8. It includes a positive electrode, a negative electrode, and a non-aqueous electrolyte. A non-aqueous electrolyte secondary battery comprising the negative electrode active material described in any one of claims 1 to 7.
9. A method for producing a negative electrode active material for a non-aqueous electrolyte secondary battery, A first step involves bringing a compound, or a liquid in which the compound is dissolved, into contact with silicon-containing active material particles. The process includes a second step of reacting the compound so as to form siloxane bonds while the compound or the liquid is in contact with the active material particles, The aforementioned compound comprises a structure represented by Si-R1-Si, The aforementioned R1 is one of the following: -(CH2) p S n (CH2) q - (1≦n≦6, 2≦p≦4, 2≦q≦4), -(CH2) p O(CH2) q - (2≦p≦4, 2≦q≦4), -(CH2) p O(CH2) r O(CH2) q - (2≦p≦4, 2≦q≦4, 2≦r≦4), and -(CH2) p NH(CH2) q - (2≦p≦4, 2≦q≦4) (where n, p, q, and r are each natural numbers). One of the two Si atoms contains an alkoxy group or an oxyalkylene group having 1 to 6 carbon atoms -O-(C x1 H 2x1+1 O y1 At least one atomic group selected from the group consisting of a group represented by (x1 is an integer between 2 and 6 and y1 is an integer between 1 and 3), a chloro group, and a hydroxyl group is bonded, The other of the two Si components contains an alkoxy group and an oxyalkylene group having 1 to 6 carbon atoms -O-(C x2 H 2x2+1 O y2 ) represented by a base (x² is 2 or more and 6 or less A method for producing a negative electrode active material, wherein at least one atomic group selected from the group consisting of a chloro group and a hydroxyl group (where y2 is an integer between 1 and 3) is bonded to the negative electrode active material.

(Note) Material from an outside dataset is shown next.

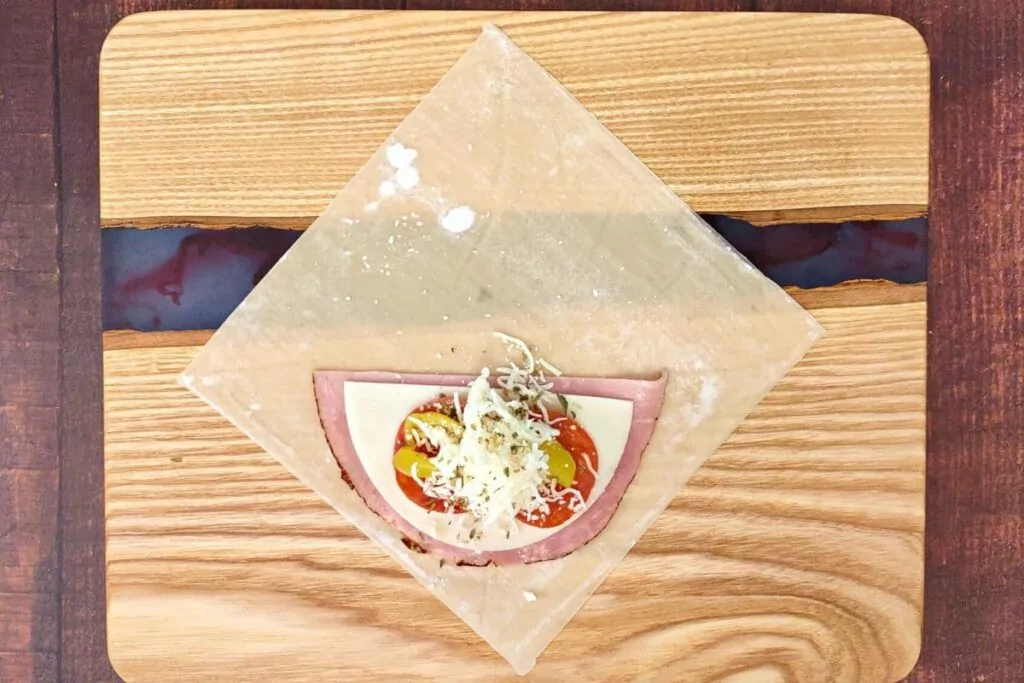 add ham, cheese, pepperoni, and other ingredients to egg roll wrapper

10. The manufacturing method according to claim 9, wherein the compound is a compound represented by the following formula (1). 【Chemistry 2】 [In formula (1), at least one selected from the group consisting of R2, R3, and R4 is independently an alkoxy group or an oxyalkylene group having 1 to 6 carbon atoms -O-(C x1 H 2x1+1 O y1 The group is represented by (x1 is an integer between 2 and 6 and y1 is an integer between 1 and 3), a chloro group, or a hydroxyl group. At least one selected from the group consisting of R5, R6, and R7 is independently an alkoxy group or an oxyalkylene group having 1 to 6 carbon atoms -O-(C x2 H 2x2+1 O y2 The group is represented by (x2 is an integer between 2 and 6 and y2 is an integer between 1 and 3), a chloro group, or a hydroxyl group. The remaining R2 to R7 are each independently a hydrocarbon group with 1 to 6 carbon atoms, a hydrogen atom, or C x3 H 2x3+y3+1 N y3 O z3 S w3 The base is represented by (x³ is an integer between 1 and 6, y³ is an integer between 0 and 3, z³ is an integer between 0 and 3, w³ is an integer between 0 and 3, and 1 ≤ y³ + z³ + w³). R² to Rₙ can be the same or different.